Why would I have to use it, since there’s no danger involved in this?
It’s true there is no danger, I mean the only danger is… was…in my imagination, in my nightmares, Dewalene said, because people can’t have influence over others… they can’t control them across distances…no, there’s no danger and no need for a gun, maybe you should leave it behind. Jules? Maybe you should leave it behind.
All right, I’ll leave it behind.
…you’re so strange, so nice, you do whatever I ask, Dewalene said. But don’t watch me now, please. I’m so tired.…My head feels so heavy, she said laughing, letting it fall onto the pillow, it feels the way it might feel on the planet Jupiter.…Yes, she said, softly, as if drifting into sleep or pretending, yes, you’re strange, you’re not like me. You’re the opposite of me, Jules.
Am I?
Yes. Because I came into this, I came down into this, of my own free will.…But I don’t think you did. I think you’re just here, with me tonight, watching over me tonight…you’re just here in this part of the world by accident…and anywhere you would be, it would be by accident.…

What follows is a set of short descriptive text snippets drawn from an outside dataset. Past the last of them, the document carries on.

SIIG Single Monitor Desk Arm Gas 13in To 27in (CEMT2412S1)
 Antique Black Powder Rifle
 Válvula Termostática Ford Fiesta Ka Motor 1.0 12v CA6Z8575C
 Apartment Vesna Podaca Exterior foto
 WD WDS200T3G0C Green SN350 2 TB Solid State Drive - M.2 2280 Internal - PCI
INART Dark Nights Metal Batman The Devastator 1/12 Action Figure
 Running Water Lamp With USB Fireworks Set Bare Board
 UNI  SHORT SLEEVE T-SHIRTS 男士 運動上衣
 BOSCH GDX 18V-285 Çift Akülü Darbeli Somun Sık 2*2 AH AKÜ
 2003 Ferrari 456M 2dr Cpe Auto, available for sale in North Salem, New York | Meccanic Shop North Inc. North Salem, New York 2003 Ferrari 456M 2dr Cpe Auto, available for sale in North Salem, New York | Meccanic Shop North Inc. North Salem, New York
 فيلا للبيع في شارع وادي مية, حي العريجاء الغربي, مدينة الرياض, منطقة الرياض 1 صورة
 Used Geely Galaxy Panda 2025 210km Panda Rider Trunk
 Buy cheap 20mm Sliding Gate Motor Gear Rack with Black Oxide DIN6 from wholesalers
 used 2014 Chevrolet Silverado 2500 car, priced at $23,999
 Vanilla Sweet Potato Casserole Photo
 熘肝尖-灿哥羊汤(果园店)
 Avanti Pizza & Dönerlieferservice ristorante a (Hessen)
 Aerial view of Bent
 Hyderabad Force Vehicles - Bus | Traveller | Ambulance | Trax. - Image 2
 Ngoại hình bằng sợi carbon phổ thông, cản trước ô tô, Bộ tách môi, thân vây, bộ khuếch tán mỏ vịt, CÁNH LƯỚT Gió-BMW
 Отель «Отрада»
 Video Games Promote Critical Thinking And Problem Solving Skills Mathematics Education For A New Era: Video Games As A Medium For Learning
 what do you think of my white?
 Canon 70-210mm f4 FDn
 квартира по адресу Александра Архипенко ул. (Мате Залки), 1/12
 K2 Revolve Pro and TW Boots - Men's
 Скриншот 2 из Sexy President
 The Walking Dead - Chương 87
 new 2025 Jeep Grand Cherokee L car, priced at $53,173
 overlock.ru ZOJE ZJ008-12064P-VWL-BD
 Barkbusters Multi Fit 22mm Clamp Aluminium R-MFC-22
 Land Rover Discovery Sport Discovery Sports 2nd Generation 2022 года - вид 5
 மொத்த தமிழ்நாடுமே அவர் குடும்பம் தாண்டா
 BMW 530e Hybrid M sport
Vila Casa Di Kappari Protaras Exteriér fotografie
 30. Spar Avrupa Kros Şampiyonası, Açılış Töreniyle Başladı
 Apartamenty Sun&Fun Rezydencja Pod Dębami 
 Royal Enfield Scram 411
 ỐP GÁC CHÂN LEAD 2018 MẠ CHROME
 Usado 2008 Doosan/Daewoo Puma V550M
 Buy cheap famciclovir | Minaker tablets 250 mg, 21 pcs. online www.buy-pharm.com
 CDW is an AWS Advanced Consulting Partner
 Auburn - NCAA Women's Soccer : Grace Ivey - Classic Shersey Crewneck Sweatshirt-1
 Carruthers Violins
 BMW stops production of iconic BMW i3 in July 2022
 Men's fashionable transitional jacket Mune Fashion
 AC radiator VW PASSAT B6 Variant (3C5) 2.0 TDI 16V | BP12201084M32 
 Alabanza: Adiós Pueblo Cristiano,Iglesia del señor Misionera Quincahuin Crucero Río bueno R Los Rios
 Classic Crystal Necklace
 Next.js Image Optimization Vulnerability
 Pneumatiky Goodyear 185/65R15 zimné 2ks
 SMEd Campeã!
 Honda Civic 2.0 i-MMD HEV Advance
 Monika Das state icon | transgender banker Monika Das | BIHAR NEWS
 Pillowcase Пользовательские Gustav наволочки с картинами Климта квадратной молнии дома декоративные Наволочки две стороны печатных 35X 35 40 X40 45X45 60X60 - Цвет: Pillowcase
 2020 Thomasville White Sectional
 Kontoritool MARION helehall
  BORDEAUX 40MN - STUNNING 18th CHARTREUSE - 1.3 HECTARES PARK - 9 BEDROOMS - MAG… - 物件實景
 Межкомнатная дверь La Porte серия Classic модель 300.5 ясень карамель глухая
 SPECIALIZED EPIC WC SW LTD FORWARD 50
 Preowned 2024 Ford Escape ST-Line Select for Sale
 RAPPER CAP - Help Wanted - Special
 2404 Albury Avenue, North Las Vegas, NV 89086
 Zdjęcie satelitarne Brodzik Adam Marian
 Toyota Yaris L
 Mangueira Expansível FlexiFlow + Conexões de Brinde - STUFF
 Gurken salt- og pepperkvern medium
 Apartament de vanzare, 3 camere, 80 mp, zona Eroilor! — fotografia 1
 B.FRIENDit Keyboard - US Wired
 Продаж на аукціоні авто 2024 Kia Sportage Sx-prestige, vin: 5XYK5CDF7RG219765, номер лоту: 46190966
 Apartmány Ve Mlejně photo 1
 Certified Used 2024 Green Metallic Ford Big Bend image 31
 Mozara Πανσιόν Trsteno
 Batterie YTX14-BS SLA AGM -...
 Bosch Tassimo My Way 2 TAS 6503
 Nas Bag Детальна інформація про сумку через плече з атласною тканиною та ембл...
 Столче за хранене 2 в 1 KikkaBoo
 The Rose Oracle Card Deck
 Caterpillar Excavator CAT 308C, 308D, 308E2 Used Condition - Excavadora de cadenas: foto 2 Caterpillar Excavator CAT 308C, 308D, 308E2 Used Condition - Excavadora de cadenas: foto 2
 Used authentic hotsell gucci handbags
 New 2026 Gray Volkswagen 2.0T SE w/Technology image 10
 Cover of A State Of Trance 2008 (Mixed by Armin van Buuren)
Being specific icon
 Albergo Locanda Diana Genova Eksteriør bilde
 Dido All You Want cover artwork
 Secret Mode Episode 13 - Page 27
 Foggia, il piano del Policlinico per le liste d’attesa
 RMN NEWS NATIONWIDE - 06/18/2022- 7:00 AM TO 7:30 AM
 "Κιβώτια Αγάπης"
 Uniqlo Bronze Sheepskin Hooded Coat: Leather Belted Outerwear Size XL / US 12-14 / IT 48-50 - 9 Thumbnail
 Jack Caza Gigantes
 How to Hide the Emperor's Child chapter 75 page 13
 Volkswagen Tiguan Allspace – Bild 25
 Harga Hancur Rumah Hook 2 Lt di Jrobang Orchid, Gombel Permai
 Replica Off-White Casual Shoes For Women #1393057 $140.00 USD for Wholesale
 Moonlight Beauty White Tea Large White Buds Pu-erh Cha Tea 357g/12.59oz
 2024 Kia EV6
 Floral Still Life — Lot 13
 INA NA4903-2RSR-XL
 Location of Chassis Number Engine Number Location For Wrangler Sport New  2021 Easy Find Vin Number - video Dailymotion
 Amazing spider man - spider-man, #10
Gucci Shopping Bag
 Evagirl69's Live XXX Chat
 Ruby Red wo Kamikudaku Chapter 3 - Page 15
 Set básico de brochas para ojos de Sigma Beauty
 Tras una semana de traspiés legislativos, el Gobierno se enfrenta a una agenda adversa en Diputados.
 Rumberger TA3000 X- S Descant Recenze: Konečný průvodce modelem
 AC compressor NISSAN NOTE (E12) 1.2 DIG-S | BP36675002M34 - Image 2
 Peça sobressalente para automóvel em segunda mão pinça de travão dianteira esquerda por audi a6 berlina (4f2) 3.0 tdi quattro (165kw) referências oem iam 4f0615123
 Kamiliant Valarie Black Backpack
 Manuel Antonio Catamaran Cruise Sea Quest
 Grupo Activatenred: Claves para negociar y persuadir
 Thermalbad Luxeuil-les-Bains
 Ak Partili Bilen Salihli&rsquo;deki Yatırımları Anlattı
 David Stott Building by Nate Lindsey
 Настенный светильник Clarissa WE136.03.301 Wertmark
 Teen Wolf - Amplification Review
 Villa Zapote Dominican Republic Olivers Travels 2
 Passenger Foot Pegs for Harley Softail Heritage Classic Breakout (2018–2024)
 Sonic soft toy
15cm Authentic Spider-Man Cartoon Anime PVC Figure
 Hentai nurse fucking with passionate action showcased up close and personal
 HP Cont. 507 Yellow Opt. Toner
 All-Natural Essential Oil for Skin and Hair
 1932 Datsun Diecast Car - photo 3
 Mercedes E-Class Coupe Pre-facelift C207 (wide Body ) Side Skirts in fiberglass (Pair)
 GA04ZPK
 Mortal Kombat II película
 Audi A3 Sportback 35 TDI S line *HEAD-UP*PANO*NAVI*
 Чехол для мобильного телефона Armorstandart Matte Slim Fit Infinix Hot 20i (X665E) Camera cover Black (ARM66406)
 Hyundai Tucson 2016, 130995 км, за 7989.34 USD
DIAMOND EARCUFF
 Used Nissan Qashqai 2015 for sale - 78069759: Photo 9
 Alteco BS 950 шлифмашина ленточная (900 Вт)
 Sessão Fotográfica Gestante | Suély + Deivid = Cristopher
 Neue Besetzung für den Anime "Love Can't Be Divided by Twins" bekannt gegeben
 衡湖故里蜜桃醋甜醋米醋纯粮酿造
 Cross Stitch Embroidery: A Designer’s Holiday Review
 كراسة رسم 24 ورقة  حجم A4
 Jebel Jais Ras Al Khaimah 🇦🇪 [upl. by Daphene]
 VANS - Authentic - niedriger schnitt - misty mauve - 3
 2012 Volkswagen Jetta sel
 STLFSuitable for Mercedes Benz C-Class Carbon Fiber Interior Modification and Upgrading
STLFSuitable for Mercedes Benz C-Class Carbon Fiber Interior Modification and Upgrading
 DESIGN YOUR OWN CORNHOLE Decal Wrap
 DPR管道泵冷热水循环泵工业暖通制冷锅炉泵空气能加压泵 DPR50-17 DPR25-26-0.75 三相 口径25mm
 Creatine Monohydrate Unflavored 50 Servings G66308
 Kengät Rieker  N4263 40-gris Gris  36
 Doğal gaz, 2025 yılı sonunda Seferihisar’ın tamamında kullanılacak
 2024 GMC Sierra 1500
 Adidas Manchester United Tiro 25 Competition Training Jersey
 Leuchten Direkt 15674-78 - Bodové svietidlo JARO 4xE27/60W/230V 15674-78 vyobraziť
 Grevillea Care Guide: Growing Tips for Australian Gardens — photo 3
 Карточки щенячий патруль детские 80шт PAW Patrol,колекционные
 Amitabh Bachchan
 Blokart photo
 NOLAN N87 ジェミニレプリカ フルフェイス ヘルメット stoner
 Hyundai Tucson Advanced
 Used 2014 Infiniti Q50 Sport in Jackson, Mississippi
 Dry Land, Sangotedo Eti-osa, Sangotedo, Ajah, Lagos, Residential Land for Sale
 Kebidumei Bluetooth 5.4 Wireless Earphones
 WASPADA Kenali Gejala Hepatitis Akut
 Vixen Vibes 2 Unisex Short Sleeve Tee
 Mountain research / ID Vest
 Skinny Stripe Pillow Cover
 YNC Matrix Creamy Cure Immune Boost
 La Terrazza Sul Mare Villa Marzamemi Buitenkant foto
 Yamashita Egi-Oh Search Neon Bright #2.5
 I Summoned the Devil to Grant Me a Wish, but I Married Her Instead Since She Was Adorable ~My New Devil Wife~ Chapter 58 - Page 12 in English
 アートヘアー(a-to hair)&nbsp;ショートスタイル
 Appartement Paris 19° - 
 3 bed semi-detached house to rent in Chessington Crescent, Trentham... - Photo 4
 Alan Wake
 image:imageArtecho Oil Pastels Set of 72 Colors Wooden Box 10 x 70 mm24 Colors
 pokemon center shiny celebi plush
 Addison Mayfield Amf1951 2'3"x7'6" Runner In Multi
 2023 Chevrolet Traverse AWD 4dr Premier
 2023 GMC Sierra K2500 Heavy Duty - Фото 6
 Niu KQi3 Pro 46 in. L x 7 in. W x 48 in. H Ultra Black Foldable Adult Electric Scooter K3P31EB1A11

Don’t patronize me, Jules wanted to say lightly. But it stung him: the truth of what she said.
…accidental, innocent, a second-and-a-half of absolute pure light shone into the brain, then the rushing-in of the world again, never pulverized down to nothing. Don’t patronize me, please, Jules says, though he knows himself a criminal and a murderer—and when he mumbled a delirious confession to murder, once, coming out of the anesthesia after an emergency operation in 1972, in some post-operative room cold and silent as an incubator for creatures without blood, crying out that confession he half-knew half-dreaded he would cry out, if consciousness ever deserted him in any institution in which the staff wore uniforms—what did it matter? what did the delirium matter? any more than the murder itself, the struggle with a policeman in broken glass and flowers and air stinking from a broken refrigeration unit? I killed a man, Jules had wept, I shot him in the face— Do something with me, help me, put me away, obliterate me—rising rocking from side to side groggy and sick, deathly sick, sick with the profound dead-end-blank sickness of the moon seen upside-down and inside-out from that street near the beach where he lay, having been dragged out of his taxi and beaten savagely in the face, his nose broken, his eyes hammered shut except for slits through which to view the moon, and something terrible stuffed down his throat—oh Christ what had they done to him, those black boys?—Jules who meant no harm, who meant only to make a living and see what this edge of the continent would reveal to him— something metallic and columnar like a flashlight shoved down his throat and meant to kill him—Out of delicacy or because no one knew or remembered, the exact nature of that object was never revealed to Jules. He had gasped his way up through the suffocation and the whining of sirens and the sudden jump of time to waking, recovering, weeping that confession, into the not-very-wakeful face of a man who looked too young to be a doctor but must have been a doctor, saying O Christ I killed a man once, back home, it was a cop, a stranger, and the face above him wobbled and teased him because it wouldn’t give him any sign: Yes? No? And finally he woke and the intern was saying,…you’re the third one this week, and Jules asked out of a mist of pain,…third one what? O to confess to a cop-killing, said the intern blandly, and Jules fell back and lay there and sleepless his soul throbbed with Don’t patronize me! Don’t!